2018, Bitmain, and the fall in cryptocurrency mining

As crypto’s value has dropped across the board, so too has the cost effectiveness of crypto mining, and nowhere has felt the pinch harder than Bitcoin miners…

The price of Bitcoin needs to be around $4500-5000 for it to be financially worthwhile to mine and, as of writing, it’s sitting at around $3749.

Over Christmas Bitmain confirmed that it had been forced to lay off a significant number of staff because of the issue, with seemingly no light at the end of the tunnel, saying in a statement: “A part of [it] is having to really focus on things that are core to that mission and not things that are auxiliary. As we move into the new year we will continue to double down on hiring the best talent from a diverse range of backgrounds.”

Earlier in the month Bitmain had already announced the closure of its premises in Israel, attributing the move to falling crypto values.

“The crypto market has undergone a shake-up in the past few months, which has forced Bitmain to examine its various activities around the globe and to refocus its business in accordance with the current situation,” boss Gadi Glikberg reportedly told staff.

Mining tech firm NVidia has also been hit, as its most recent earnings report falling way below expectations. As such, the original estimated earnings of $3.4 billion for Q4 have dropped to between $2.65-2.75 billion. CEO Jensen Huang spoke about the company’s troubles, assuring interested parties that the stock fall is down to excess channel inventory following the crypto boom at the start of the year.

Adding to their troubles, last month it was reported that Bitmain had been allegedly using its customer’s devices in order to mine crypto for itself, after a $5 million lawsuit filed by someone affected made allegations against the company.

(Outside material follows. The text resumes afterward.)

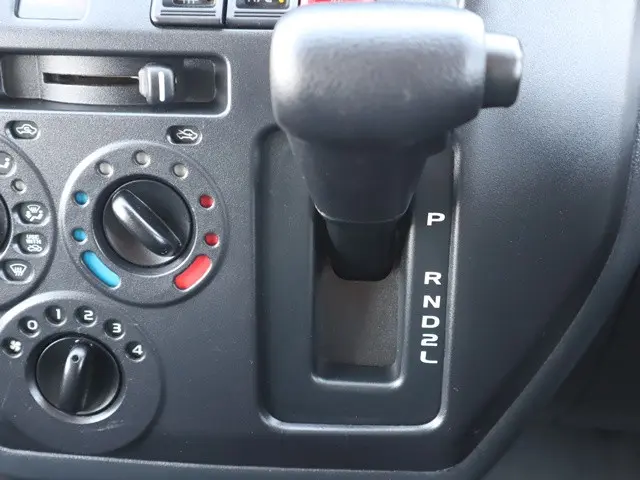 トヨタ タウンエースバン DBF-S402M(2WD)の写真36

The plaintiff said that Bitmain had taken advantage of the initialisation phase for its Antminer s9 device, mining Bitcoin for its own gain.

GigaWatt, an early player in Bitcoin mining, announced that it had filed for bankruptcy in November, with an estimated $70 million owed to creditors. The closure seemed again to signal the fallout from the boom of late 2017-early 2018, with others sure to follow.

On a basic level, Bitcoin mining at home has become completely unprofitable, as the amount of computing power needed costs far more than can be earned by entrepreneurial miners. This impacted individuals first, of course, because they probably don’t have the resources to move to areas in which power is cheap.

As the fate of crypto and Bitcoin remain unclear, mining operations must wait for things to move in either direction before they can exit crash positions. Overall, 2018 has been a troubling year for the entire community, but companies like Bitmain and NVidia have suffered significantly with further stories in the same vein surely on their way.